What about people just using the language, and not talking about it?
Whatever metrics are used, based on published data, you have the problem that most programming is done privately, and does not leave traces you can put in your stats. What about the millions of people coding in C, who just get on with the job? How do you measure that? Maybe languages such as Python and JavaScript are talked about a lot, because they have more defects than other languages.
I still have trouble with Python's syntactic indentation rules. When everything is neat and tidy, the code is very readable, but if you copy and paste code, you have to be careful to correct the indentation, or you can end up with code that compiles and runs, but does something entirely different to what you intended. With curly brackets to delimit blocks, the compiler will pick up obvious nonsense. Despite these criticisms, I find Python to be rather useful in practice, for writing small stuff for my own use. Put it this way, it is a lot better than shell scripts, if there is any real computation involved.
This brings me to my problem with Javascript, which is its loose type system. I admit I have limited experience here, but I struggled with the language accepting my rubbish code silently, and doing God knows what, instead of pedantically pointing out errors, which would actually have been helpful. One bug was due to a typo, where I wrote code that added an integer to an Object. I still don't know what actually happened, if anything. Maybe someone's cat was incinerated in Estonia.

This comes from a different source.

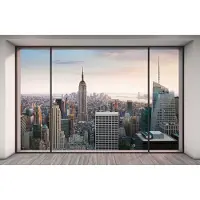 Komar Vliestapete "Digitaldruck Vlies - Penthouse - Größe 400 x 260 cm" bedruckt glatt Wohnzimmer, Schlafzimmer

There is an idea that dynamically typed languages like Python and Javascript are somehow easier to use than statically typed languages like C++ or Java, because you don't have to write loads of stuff to declare the types of variables and functions. But actually, what you are doing with type declarations is telling the compiler what you want to do, instead of leaving it to make a guess. These days, static type systems are not such a pain, as there is type inference, so you only have to declare some stuff, because the compiler can work out the rest, in a rigorous manner. This seems to work in Rust.